Caitlin Barrett (lead and backing vocals, fiddle) was born in England, but has deep Irish roots, with her mother born in County Donegal, Ireland.
Loz Shaw (backing vocals, bass, keyboards/synthesisers, baritone/electric/acoustic guitars, clarinet, banjolina, kalimba) produced the album (in conjunction with Roving Crows) – as well as undertaking its engineering, mixing and mastering – and seems to have contributed hints of his involvement with the melodic thrash/power metal band, Steeltrooper.
Tim Downes-Hall (drums/percussion, including bongos, congas, cymbals, djembes, timbale, shakers) is the grandson of a couple who entertained the troops during World War II and has a past that includes swing and Irish-punk bands.
Bury Me Naked includes several songs with a ’70s folk/pop sound, including Barrett’s Riverside (which “ reflects the realisation of inevitable change”) and O’Neill’s Glory Bound (a musically enthralling ten-minute track, structurally reminiscent of a song-cycle or a mini folk-rock opera).
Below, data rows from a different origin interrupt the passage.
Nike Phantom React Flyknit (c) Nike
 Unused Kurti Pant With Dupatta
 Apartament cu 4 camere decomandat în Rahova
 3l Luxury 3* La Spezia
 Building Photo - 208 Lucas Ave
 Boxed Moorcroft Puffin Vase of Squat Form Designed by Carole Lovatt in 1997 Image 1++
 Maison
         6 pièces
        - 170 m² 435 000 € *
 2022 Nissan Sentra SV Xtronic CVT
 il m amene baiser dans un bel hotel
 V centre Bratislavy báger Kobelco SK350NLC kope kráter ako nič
Paul O’Neill wrote the title track, Bury Me Naked, after reading Dee Brown’s book, Bury My Heart at Wounded Knee: An Indian History of the American West. Another of O’Neill’s songs, Refugee, reflects the band’s involvement with the local charity, Ledbury Refugee Support (“Sail away, sail away, yeah / War-torn refugee / World does not understand me”). And O’Neill’s reggae-influenced Passing on the Love tells the story of a couple whom he came to know whilst performing in Wales.
The middle section of Bury Me Naked contains a set of tunes – two written by Caitlin Barrett (Fire Sky and Tiger’s Eye) and one written by Michel Ferry (Farewell to Chernobyl).
Roving Crows’ social consciousness is revealed again in Paul O’Neill’s Revolution is Now, which opens delicately, progresses to rich drumming, then launches into folk-rock (“Do you know how great we can be? / We can take control / Be in mind and spirit free / Rescue what remains of your soul”).
The Last Breath, whose hauntingly beautiful music was written by Caitlin Barrett, includes a spoken word narrative by Paul O’Neill (“When the last river drips to a close / Clogged or cursed by our waste / Will we miss her then? / She has given life”). And closing the album is Irish songwriter Jimmy MacCarthy’s Ride On, with lead vocals from Barrett.
Roving Crows’ Bury Me Naked presents a kaleidoscopic view into the past, the present and the future, in a glorious musical setting which is broad in diversity, rich in sound and high in energy.
Over the coming months, Roving Crows has a string of gigs, including the Winchcombe Festival (May), Stonehenge Summer Solstice Festival (June), The Women Chainmakers’ Festival (July), Lakefest (August) and BunkFest (September).